----- Raw data -----

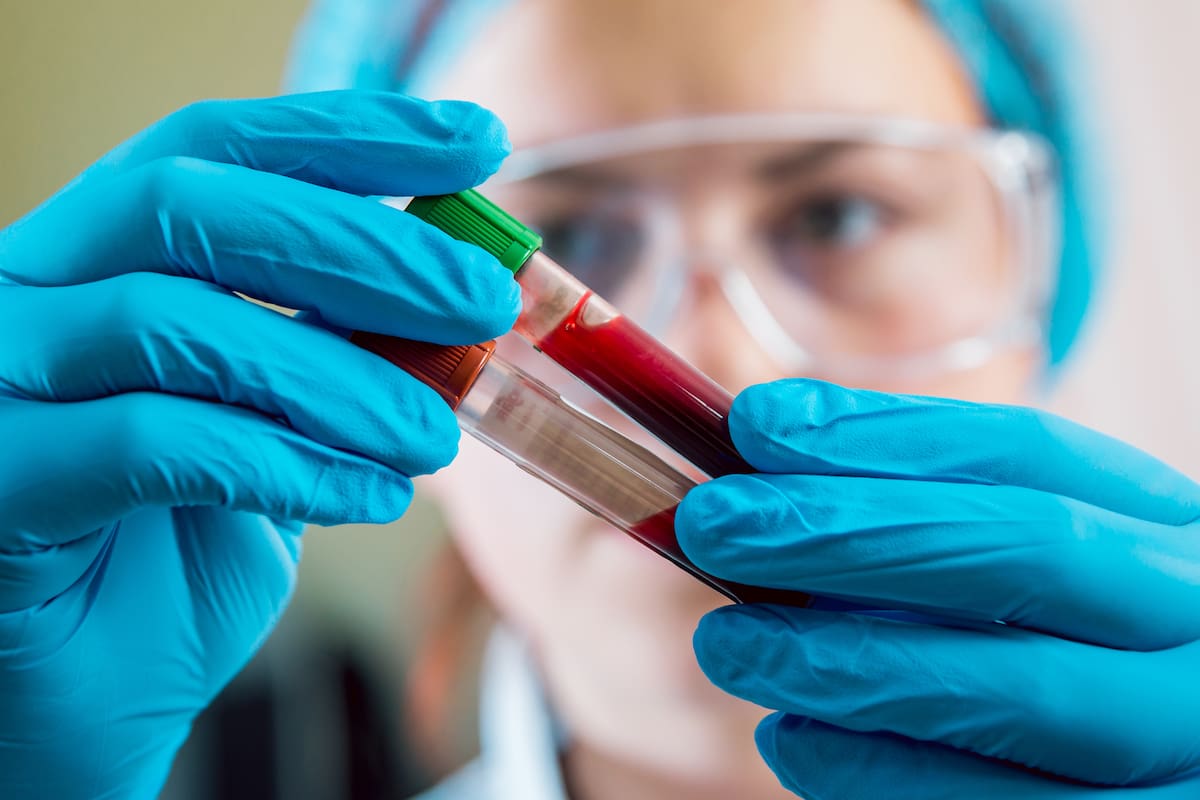 Un análisis de sangre verifica el antígeno prostático específico (PSA), un posible signo del cáncer de próstata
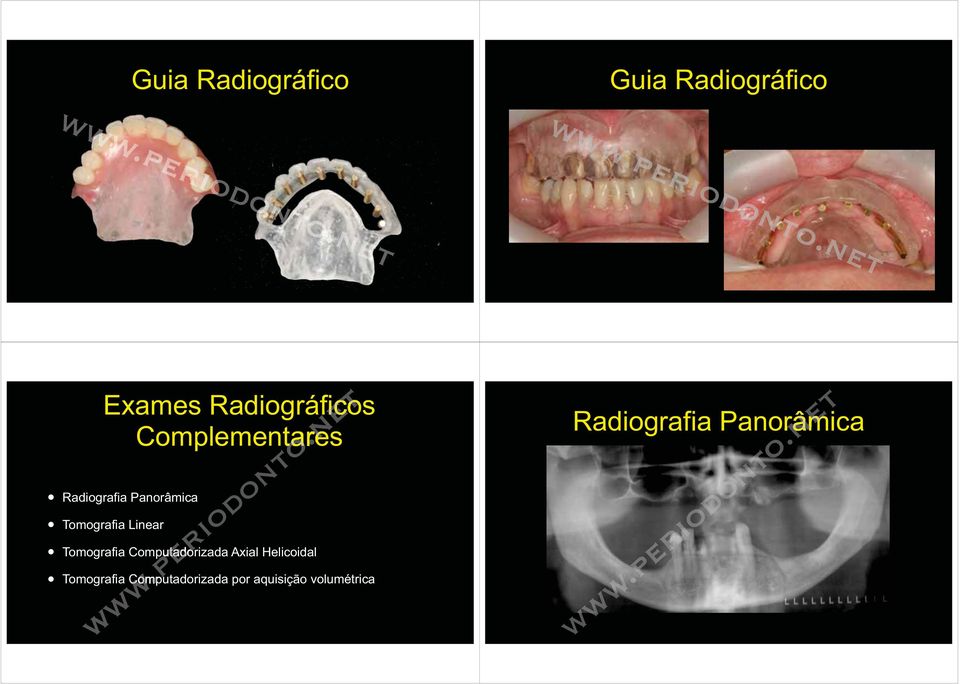 Tomografia Computadorizada Axial Helicoidal Tomografia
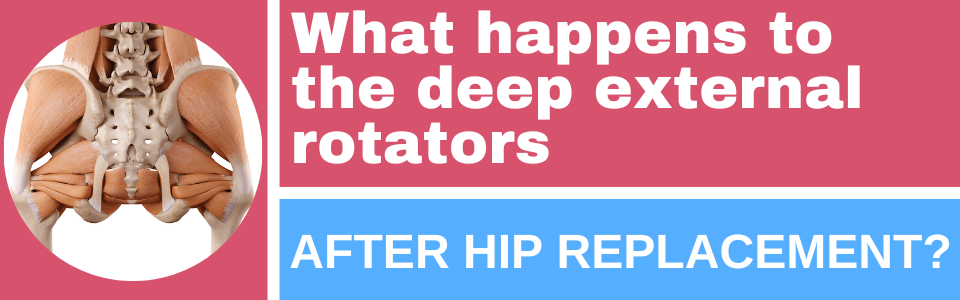 what-happens-to-the-deep-external-rotators-after-hip-replacement what-happens-to-the-deep-external-rotators-after-hip-replacement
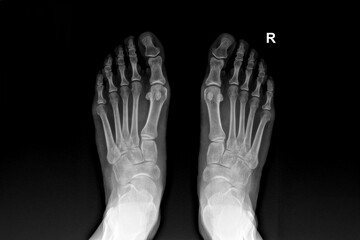 X-ray image of human feet showing bones, joints, toes and skeletal structure, useful for medical,...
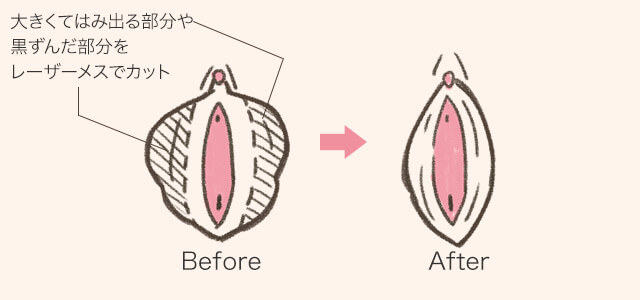 ビラビラを小さくする小陰唇縮小術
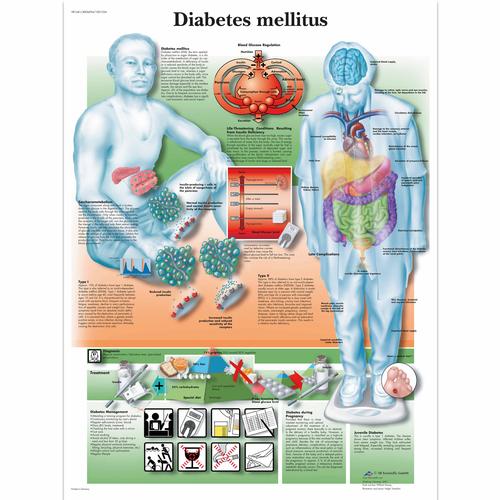 Diabetes Mellitus Chart, 1001554 [VR1441L], Diabetic Teaching Tools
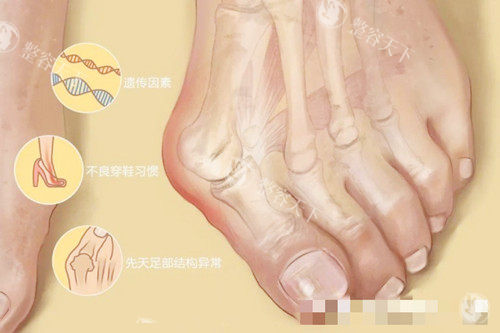 上海虹桥医院足足外翻大脚骨手术做的怎么样?上海虹桥医院治疗拇外翻成效好口碑好,附大脚骨价格表!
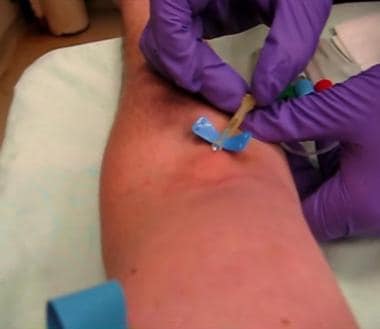Phlebotomy. Insertion of winged butterfly device, 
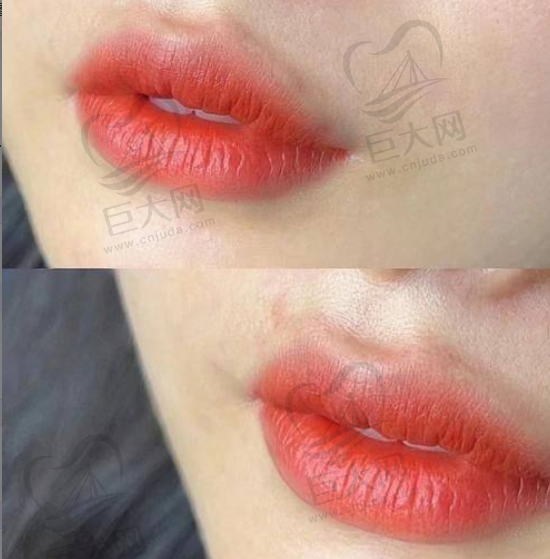 眼部吸脂项目及收费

-----

§ **Directions for this task**: Would you restate word for word only the lines from the one containing "上海虹桥医院足足外翻大脚骨手" to the final line of the material, both ends included, without any pictures?

§ **Output of the task**:
 上海虹桥医院足足外翻大脚骨手术做的怎么样?上海虹桥医院治疗拇外翻成效好口碑好,附大脚骨价格表!
Phlebotomy. Insertion of winged butterfly device, 
 眼部吸脂项目及收费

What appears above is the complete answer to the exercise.